--- What to work on ---
Although the data below contains pictures, output only the lines between those holding "6-Tier Kitchen Bakers" and "Coastal Butter Dish", inclusive, exactly and without those pictures.

--- Material to process ---

....

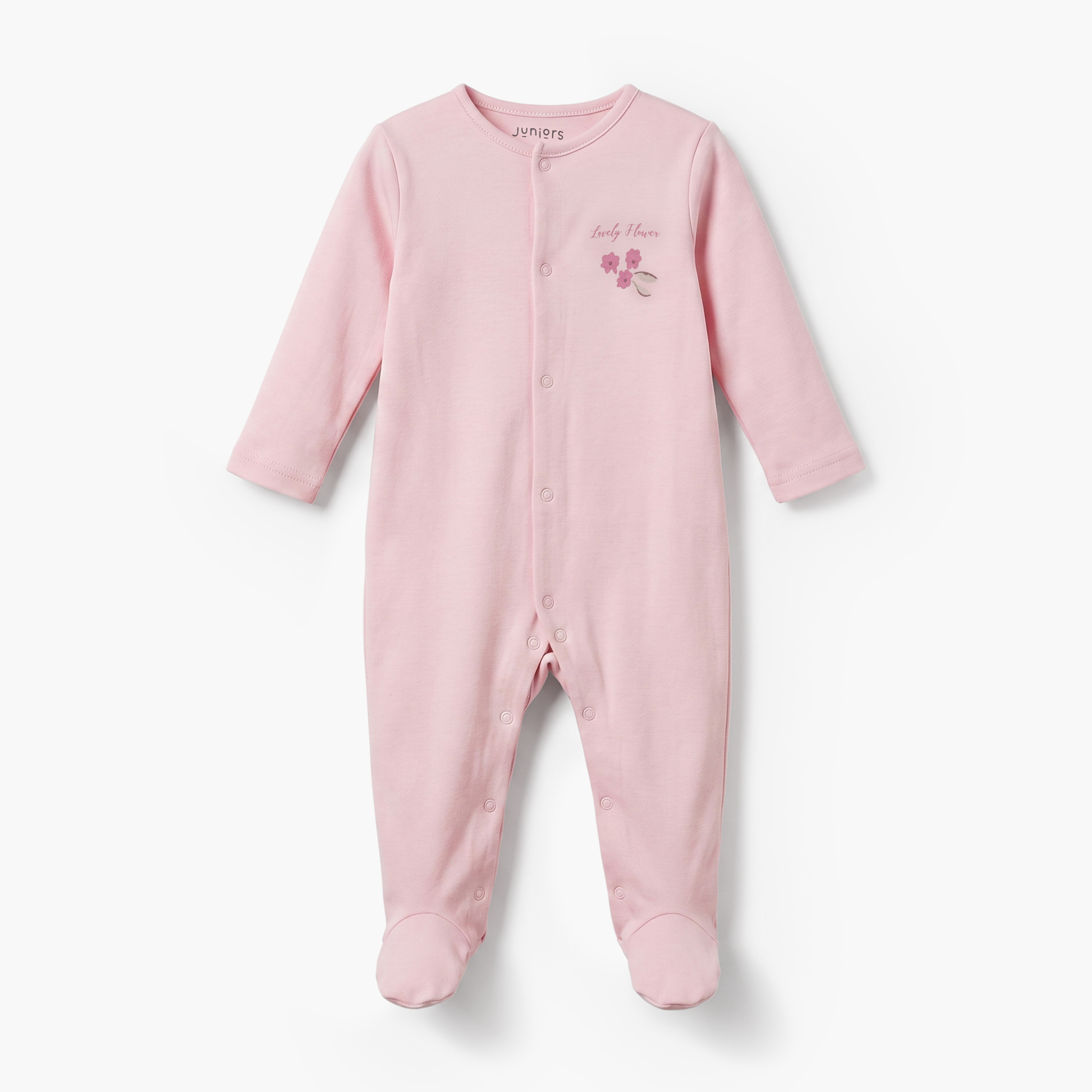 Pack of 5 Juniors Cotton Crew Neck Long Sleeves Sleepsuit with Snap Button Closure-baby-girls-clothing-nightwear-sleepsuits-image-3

....

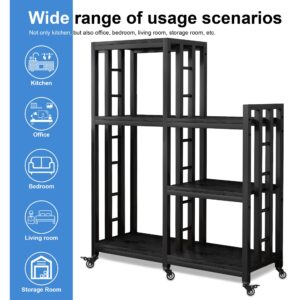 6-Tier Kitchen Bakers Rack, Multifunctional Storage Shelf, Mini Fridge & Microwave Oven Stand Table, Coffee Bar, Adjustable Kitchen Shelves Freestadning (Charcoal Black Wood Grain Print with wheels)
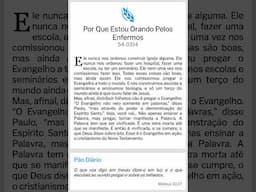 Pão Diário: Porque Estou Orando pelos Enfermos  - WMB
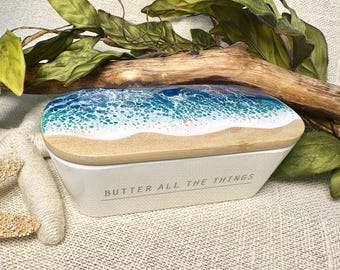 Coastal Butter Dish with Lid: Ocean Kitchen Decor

....

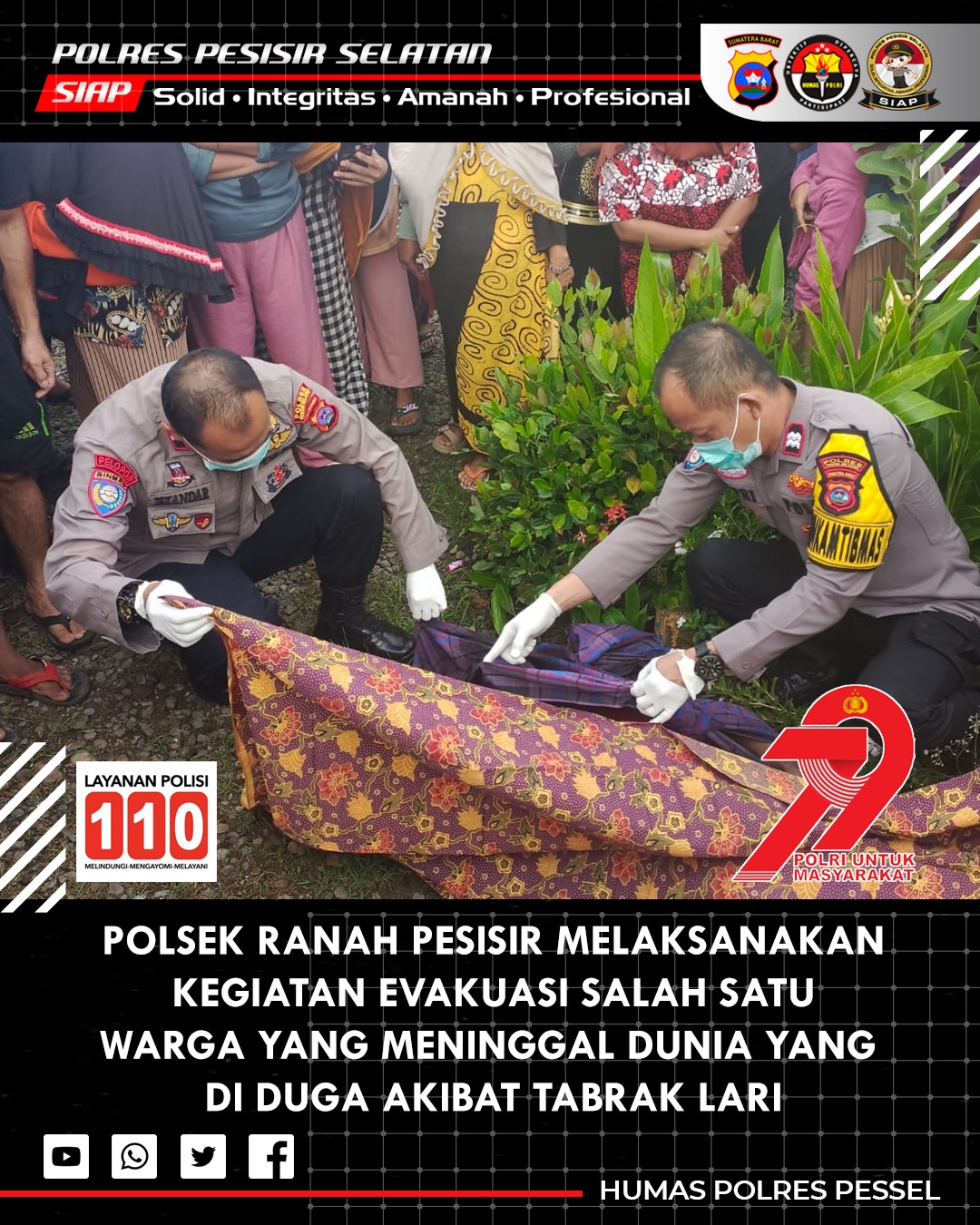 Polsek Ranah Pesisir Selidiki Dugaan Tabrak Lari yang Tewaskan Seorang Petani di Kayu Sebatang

....

--- Response to this exercise ---
 6-Tier Kitchen Bakers Rack, Multifunctional Storage Shelf, Mini Fridge & Microwave Oven Stand Table, Coffee Bar, Adjustable Kitchen Shelves Freestadning (Charcoal Black Wood Grain Print with wheels)
 Pão Diário: Porque Estou Orando pelos Enfermos  - WMB
 Coastal Butter Dish with Lid: Ocean Kitchen Decor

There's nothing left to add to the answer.